The Design of Ideation for
New Product Ideas

By Arthur VanGundy PhD
(Continued from page 5)

The Muddled Middle

The "Sensing and Feeling" and "Thinking and Knowing" stages prepare you to confront the "Muddled Middle." Questions during the Fuzzy Front End (FFE) should provide you with the confidence to move on to idea generation. If you were thorough with the FFE, concept generation should be less muddled. As educator and philosopher John Dewey once said, "A well-defined problem is a half-solved one."

One secret to successful new product idea generation is "stimuli."
Stimuli are words and phrases that help trigger ideas. They can be problem-related words or they can be the ideas of yourself or others. When you free associate, for example, you use each previous thought as a stimulus. Stimuli come in two varieties: related and unrelated. Related stimuli have some direct connection to a product, platform, consumer, or similar topics. Unrelated stimuli are used to force the mind away from the problem and trigger free associations which then can be related back to the problem as concepts. The focus of this talk is on related stimuli, so I will restrict myself to that category.

A major source of related stimuli are the answers to the questions during the Thinking and Knowing phase. Idea generation techniques use these stimuli in different combinations to spark ideas. (I’ve written about these techniques since the late 1970s and first spoke on them at PDMA in the early 1980s.)
Here are some examples of how to use stimuli to "set up" idea generation techniques.
I’ll use the problem, "How might we make homes safer with our products?"

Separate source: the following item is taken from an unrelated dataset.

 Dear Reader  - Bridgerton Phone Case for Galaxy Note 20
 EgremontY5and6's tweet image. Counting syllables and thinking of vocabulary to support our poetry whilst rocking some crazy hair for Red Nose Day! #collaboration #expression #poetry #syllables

1. Random word combinations. A simple way to use stimuli is to select random, two-word combinations from a category and use the word combination to stimulate ideas. For instance, you might list safety-related descriptors such as: air bag, circulate, ice, helmet, water, knife, stairs, wind, freeze, glass, wax, electricity, slippery, razor. Next, select two of the words and use them as triggers:

Wind-Glass: Sensor detects high winds and drops a screen or shutters to protect window glass

Glass-Wax: Special wax cleans glass and leaves barely-detectable haze to prevent walking into

2. Semantic Intuition. This method was developed in the early 1970s at the Battelle Institute in Frankfurt, Germany. It involves generating two lists of words, one relating to the product and the other to the end user. Choose one word from each list and use the combination for idea stimulation.
For the home safety problem, list words describing home safety. For instance: glass, lock, slippery, shock, fall, break, lighting, dark, toxic fire. Next, generate safety-related words describing consumers at home: cautious, insecure, sick, children, elderly, careless, disabled, burglar, dog, alarm, fear. Finally, generate ideas using two-word combinations:

Shock-Burglar: Consumer-activated electrical shock in door handles.

Fire-Children: Alarm senses fire and emits audible instructions to help children evacuate

3. What’s in a name? I developed this technique which is based on creating product names or slogans and then using them as idea stimuli. Here are some sample home safety names followed by potential ideas:

A Matter of Prevention
Accidental Security
Look Before You Leap
In Arms Way
Monitor This!
Use All Your Senses
The Protector
Safety to Go
An Alarming Development
Feudal Families
Dependables
Private Dector
Backup or Die
Dangerous L’Raisens
Electronic Insurance
Watch Your Step
All the Trappings
Radon Smadon
Gas No More
Secure Clearance
Speed Demon
Sounds in the Night
Stranger Encounters
Traveler’s Advisory
There’s Trouble Brewin’
Warming Warning
Leak Speak
Invisible Visibility
Mobile Warnings
A Weak Link

Leak Speak: An electronic monitor for gas and water pipe leaks.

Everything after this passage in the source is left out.